Chapter 9, Problem 50A

Interpretation Introduction

Interpretation: The amount of silver nitrate required to completely precipitate chloride ions and the mass of silver chloride obtained is to be calculated.

Concept introduction: The hard solid mass obtained during chemical reaction which is insoluble in water is known as precipitate.

Answer to Problem 50A

The amount of silver nitrate required to completely precipitate chloride ions and the mass of silver chloride obtained is $0.52\text{g}$ and $0.44\text{g}$ , respectively.

Explanation of Solution

The total mass of the sample is $1.054\text{g}$ . The mass percentage of chloride ions in sample is $10.3\%$ . The amount of chloride ions present in the sample is calculated by the formula,

  $m_{{\text{Cl}}^{-}}=m_{\text{S}}\times \frac{10.3}{100}$

Where,

• $m_{\text{S}}$ is the mass of sample.

Substitute the value of mass of sample in the above formula.
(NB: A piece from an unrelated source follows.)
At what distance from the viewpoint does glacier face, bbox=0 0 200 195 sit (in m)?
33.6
  $\begin{array}{c}{m}_{{\text{Cl}}^{-}}=1.054\text{g}\times \frac{10.3}{100}\\ =0.108562\text{g}\end{array}$

The number of moles of chloride ions is calculated as,

  $n_{{\text{Cl}}^{-}}=\frac{m_{{\text{Cl}}^{-}}}{M_{{\text{Cl}}^{-}}}$

Where,

• $m_{{\text{Cl}}^{-}}$ is the mass of chloride ions.
• $M_{{\text{Cl}}^{-}}$ is the molar mass of chloride ions $\left(35.45\text{g/mol}\right)$ .

Substitute the value of mass and molar mass of chloride ions in the above formula.

  $\begin{array}{c}{n}_{{\text{Cl}}^{-}}=\frac{0.108562\text{g}}{35.45\text{g/mol}}\\ =3.062\times {10}^{-3}\text{mol}\end{array}$

The chemical reaction that takes place between silver nitrate and chloride ions is,

  ${\text{AgNO}}_3+{\text{Cl}}^{-}\to \text{AgCl}+{\text{NO}}_3{}^{-}$

The molar ratio of silver nitrate and chloride ions is $1:1$ . Hence, the number of moles of silver nitrate used to completely precipitate chloride ions is $3.062\times {10}^{-3}\text{mol}$ .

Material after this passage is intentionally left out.